> _Try it_
Below is a listing with pictures in it. Copy it exactly without them.

> _Data shown_
_ _ _ _ _ _ _

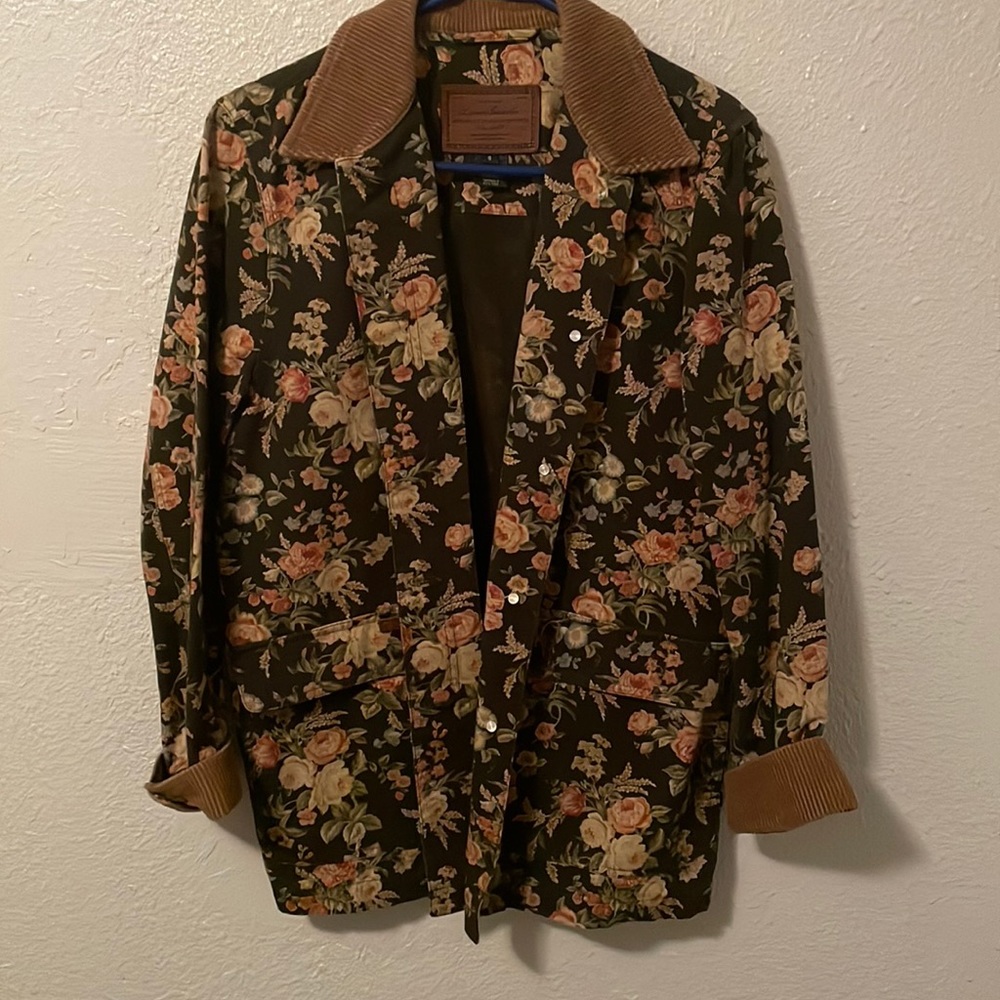 COPY - Lauren Ralph Lauren utility floral jacket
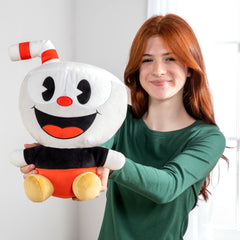 Club Mocchi-Mocchi- Cuphead Plush - Cuphead Plushie - Collectible Squishy Cuphead Toys - 15 Inch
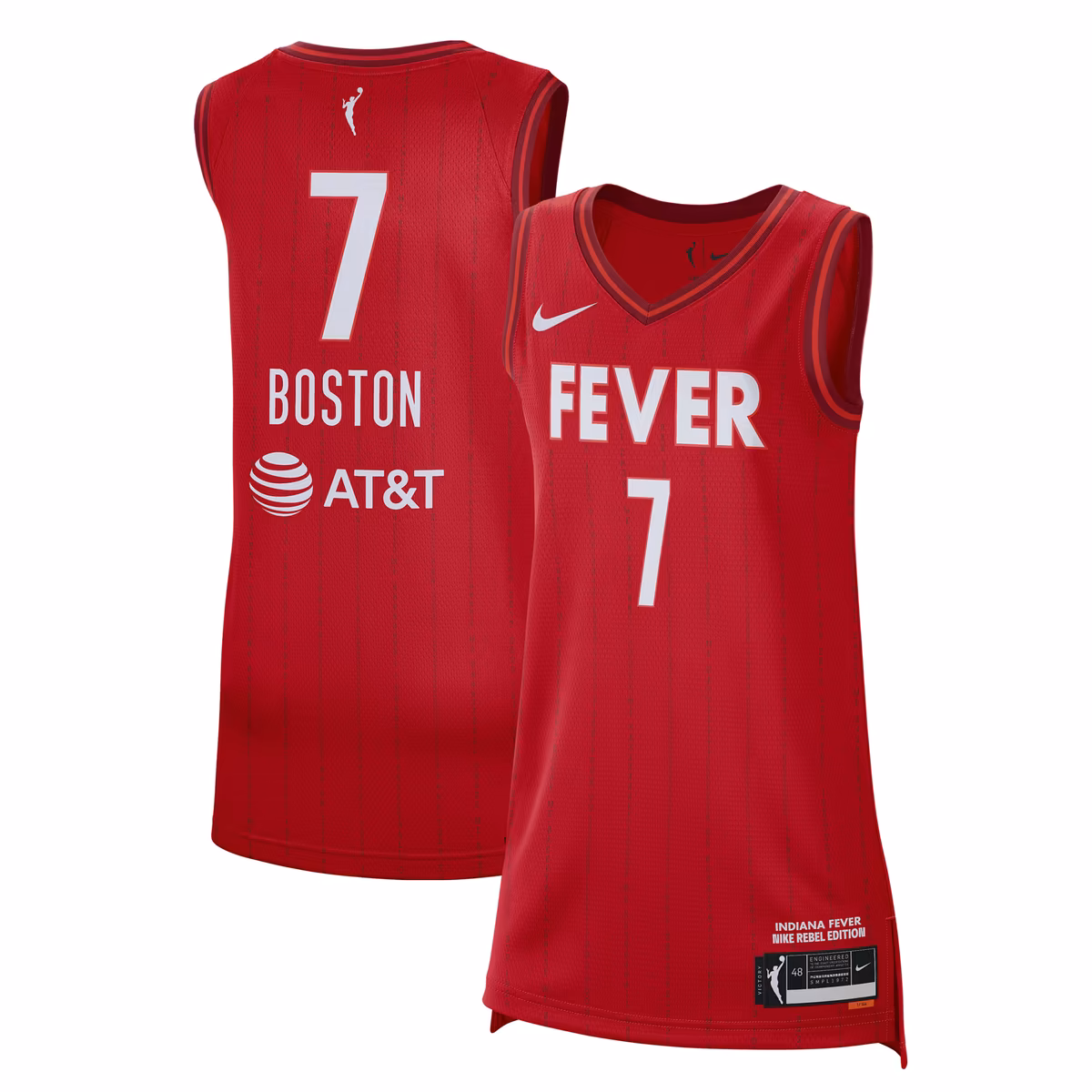 Unisex Indiana Fever Aliyah Boston Nike Red Rebel Edition Player Jersey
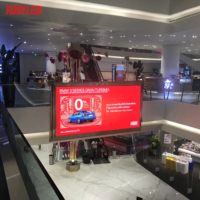 Armoire de Module magnétique publicitaire d'intérieur P1.25 P1.5 P1.6 P4 écran LED affichage vidéo panneau mural pantalons géantes panneau bannière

_ _ _ _ _ _ _

> _Result of the exercise_
 COPY - Lauren Ralph Lauren utility floral jacket
 Club Mocchi-Mocchi- Cuphead Plush - Cuphead Plushie - Collectible Squishy Cuphead Toys - 15 Inch
 Unisex Indiana Fever Aliyah Boston Nike Red Rebel Edition Player Jersey
 Armoire de Module magnétique publicitaire d'intérieur P1.25 P1.5 P1.6 P4 écran LED affichage vidéo panneau mural pantalons géantes panneau bannière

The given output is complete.